No entanto, eles têm gostos, personalidades, atitudes e escolhas diferentes. Ao ler o DNA de gêmeos, você encontra uma cópia duplicada da mesma receita, mas com duas personalidades distintas. Não é o que você chamaria de plano fixo. Não herdamos instruções específicas sobre como construir uma célula ou um órgão. 

Nosso DNA contém uma lista de ingredientes bioquímicos (as proteínas codificadas nos genes) e as regras básicas para sua montagem (algumas proteínas são rotuladas como “mestras” e podem controlar a atividade de outras, enquanto outras podem iniciar uma cascata de eventos semelhantes a dominantes), mas as peças se auto organizam em vias bioquímicas, células e tecidos sem ler um manual. 

A receita genética de um gato não dá um elefante, mas você não pode ler o DNA de um indivíduo e ter certeza do que sairá daquilo. Com o avanço tecnológico, clínicas e pesquisadores vem sequenciando DNA para inferir sobre probabilidades de comportamentos futuros.

Existem locais em que o sequenciamento de DNA é feito para busca de talentos inatos das crianças e desenvolve-las em torno do resultado.

Por exemplo, na China, onde há a política do filho único em vigor há décadas e uma economia galopante, colocaram uma enorme pressão sobre os pais para dar aos seus filhos uma vantagem competitiva, é comum que os pais busquem esse tipo de serviço antes de escolher uma escola para seus filhos.

Estamos começando a viver uma era em que há uma busca desenfreada de desenvolver talentos decodificados na leitura da sequência de DNA, sem levar em consideração a previsão de comportamentos.

Não se engane: algumas características são de fato geneticamente programadas e algumas doenças são determináveis por condições e atitudes durante a vida. Por exemplo, as pessoas com uma mutação patogênica genética em um determinado gene, desenvolverão fibrose cística independentemente de seu estilo de vida. 

Mesmo habilidades que antes eram consideradas apenas uma questão de educação, como a linguagem, o pensamento abstrato e muitos traços comportamentais têm um componente genético significativo. Mas isso não significa que o DNA sempre tenha a vantagem. 

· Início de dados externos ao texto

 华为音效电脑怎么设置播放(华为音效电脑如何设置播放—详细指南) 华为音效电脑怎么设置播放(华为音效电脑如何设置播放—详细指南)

O oposto é verdadeiro: a esmagadora maioria de nossas características depende da combinação de muitos fatores genéticos e não genéticos e, portanto, são difíceis de prever a partir do DNA. A partir do seu estilo de vida você pode desenvolver doenças crônicas ou não, por exemplo Diabetes, Alzheimer, entre outras.

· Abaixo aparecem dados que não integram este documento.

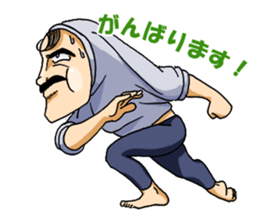 Speed skater Murai of barefoot sticker #1890361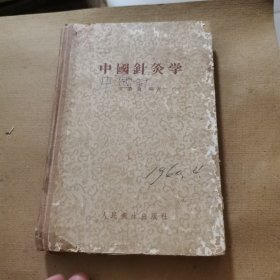 中国针灸学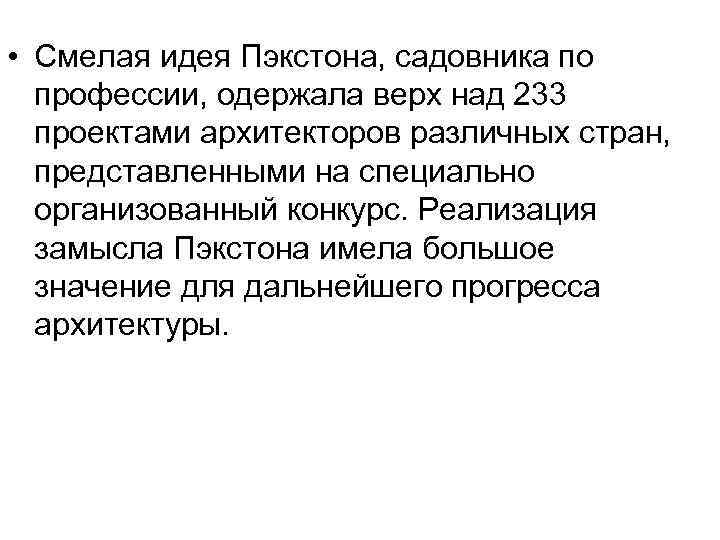  • Смелая идея Пэкстона, садовника по профессии, одержала верх над 233 проектами архитекторов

Todos nós temos a probabilidade de contrair doenças diferentes. Mas quando o fazemos, nossos resultados podem variar de pessoa para pessoa com a mesma doença. Muito disso é produto de nossos diferentes genomas.

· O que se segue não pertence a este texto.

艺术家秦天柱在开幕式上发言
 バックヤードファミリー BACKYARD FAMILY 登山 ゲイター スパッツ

Existem limites para o que as informações do genoma podem fazer pelo risco de doenças. Por isso a metáfora favorita da comunidade científica é que o genoma é uma receita - as pessoas que recebem a mesma receita podem fazer pratos com um sabor um pouco diferente.

“O genoma é o ponto de partida, mas não é a resposta para tudo” - Joshua LaBaer, professor e diretor executivo do Biodesign Institute da ASU.

Se formos um bolo de cozimento lento, poderemos, assim como a ciência faz com o DNA, espiar pelo vidro e verificar se algo parece engraçado dentro do forno, mas não será possível prever o que resultará naquele processo de cozimento - assim como em nossa vida, cada experiência e sorte, acaso, será responsável por um tipo de amanhã e depois de amanhã.

A mensagem que fica é, você não nasceu assim, não cresceu assim e, por fim, não vai ser sempre assim. Como diria Heráclito:

“Um homem nunca se banha duas vezes nas águas do mesmo rio, tudo que percebemos como imutável é uma ilusão. A vida é uma constante transformação. TUDO muda o tempo inteiro, não existe absolutamente NADA parado.”

Você é o capitão do barco, a rota está nas suas mãos.